8. Microsoft 2014 Super Bowl Commercial: Empowering
Microsoft released a humbling advertisement at the 2014 Super Bowl. The ad is narrated by former NFL star, Steve Gleason who speaks through eye-tracking software on his Microsoft Surface, because he has ASL, a debilitating neurological disease. Throughout the advertisement people with disabilities who are empowered through technology are featured. The advertisement is inspirational tear jerker.
9. Chevy: “Romance”
In this rather odd advertisement Chevrolet mashes romance, animal breeding, cars and “You Sexy Thing”, by Hot Chocolate into one ad. The advertisement was produced by agency, Leo Burnett and uses silly, suggestive, sexual innuendo, which seems to be irrelevant to audiences today. The tactic is especially distasteful because of its portrayal of a cows in a sexual light.

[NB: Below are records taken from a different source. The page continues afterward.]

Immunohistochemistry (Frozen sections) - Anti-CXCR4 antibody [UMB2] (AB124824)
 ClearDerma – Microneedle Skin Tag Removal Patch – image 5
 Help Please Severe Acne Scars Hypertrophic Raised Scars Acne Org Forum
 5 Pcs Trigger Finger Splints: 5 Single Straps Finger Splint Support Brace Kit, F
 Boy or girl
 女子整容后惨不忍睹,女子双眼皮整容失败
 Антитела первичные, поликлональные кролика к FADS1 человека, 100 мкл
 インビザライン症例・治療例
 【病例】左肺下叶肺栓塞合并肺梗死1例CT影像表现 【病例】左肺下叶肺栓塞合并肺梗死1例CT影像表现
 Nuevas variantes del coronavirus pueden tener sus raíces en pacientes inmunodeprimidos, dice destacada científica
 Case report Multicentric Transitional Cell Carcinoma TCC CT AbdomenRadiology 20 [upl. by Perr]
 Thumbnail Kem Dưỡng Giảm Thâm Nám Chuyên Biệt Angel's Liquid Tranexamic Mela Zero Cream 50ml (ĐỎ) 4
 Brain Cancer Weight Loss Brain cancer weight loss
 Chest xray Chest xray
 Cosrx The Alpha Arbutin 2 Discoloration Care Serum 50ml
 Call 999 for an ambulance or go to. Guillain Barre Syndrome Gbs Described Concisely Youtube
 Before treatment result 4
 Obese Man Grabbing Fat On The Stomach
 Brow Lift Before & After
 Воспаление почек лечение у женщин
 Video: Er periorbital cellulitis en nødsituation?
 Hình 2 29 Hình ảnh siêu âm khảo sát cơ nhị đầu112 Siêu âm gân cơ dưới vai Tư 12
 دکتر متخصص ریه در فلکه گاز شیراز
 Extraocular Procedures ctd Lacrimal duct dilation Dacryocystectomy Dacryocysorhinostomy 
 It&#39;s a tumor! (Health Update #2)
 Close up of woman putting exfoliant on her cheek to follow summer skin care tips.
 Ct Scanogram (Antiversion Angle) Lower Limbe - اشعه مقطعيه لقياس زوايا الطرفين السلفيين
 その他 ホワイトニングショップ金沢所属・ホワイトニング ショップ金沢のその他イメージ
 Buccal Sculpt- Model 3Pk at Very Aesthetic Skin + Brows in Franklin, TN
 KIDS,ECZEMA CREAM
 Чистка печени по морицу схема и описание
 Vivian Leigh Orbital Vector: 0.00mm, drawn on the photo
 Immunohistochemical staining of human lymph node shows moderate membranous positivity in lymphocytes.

10. “The Truth” Kia K900 Morpheus Commercial
Kia put a lot of money into its K900 advertisement. The advertisement is done in the style of the movie, The Matrix, which is known for its extensive special effects, and even features Laurence Fishburne who portrayed the character Morpheus in the movie. The advertisement only has 2,758,712 views on Youtube which is a shame considering how much money had to be invested into this production. It is often the simplest ideas that have the best returns when it comes to advertising. This ad is an example of when brands that fail to recognize the power of simplicity.
11. Maserati “Ghibli – Strike”
Maserati also launched a highly cinematic advert at the Super Bowl this year. If you haven’t seen the movie Beasts of the Southern Wild, you probably wouldn’t understand the reference in this advertisement. As in the movie, actress Quvenzhane Wallis narrates the story. Maserati’s message is unclear and is more than likely not understood by the mass to which it has been offered. Even though the advertisement didn’t perform that well, it is very well shot – well done to the videographers.
12. GoDaddy – Danica Patrick
Go Daddy is an internet domain registrar and web hosting company that somehow manages to get its advertising wrong at the Super Bowl almost every year. The company usually sticks to using sex (an interesting combination considering the nature of the business) to promote its services. This strategy has recently changed. In their Super Bowl advertisement, Go Daddy turns the sexy Nascar star, Danica Patrick, into a body builder. If you’re wondering what a bad advertisement looks like this is it…
As marketers we can find a lot of inspiration and learn from the advertisements that make it to the Super Bowl. Consumers want to be entertained and seek real promises from brands. It is of utmost importance that we listen to our customers and follow their cues. If we fail to recognize what consumers want to see or hear, we will put off our customers and fall behind the stiff competition.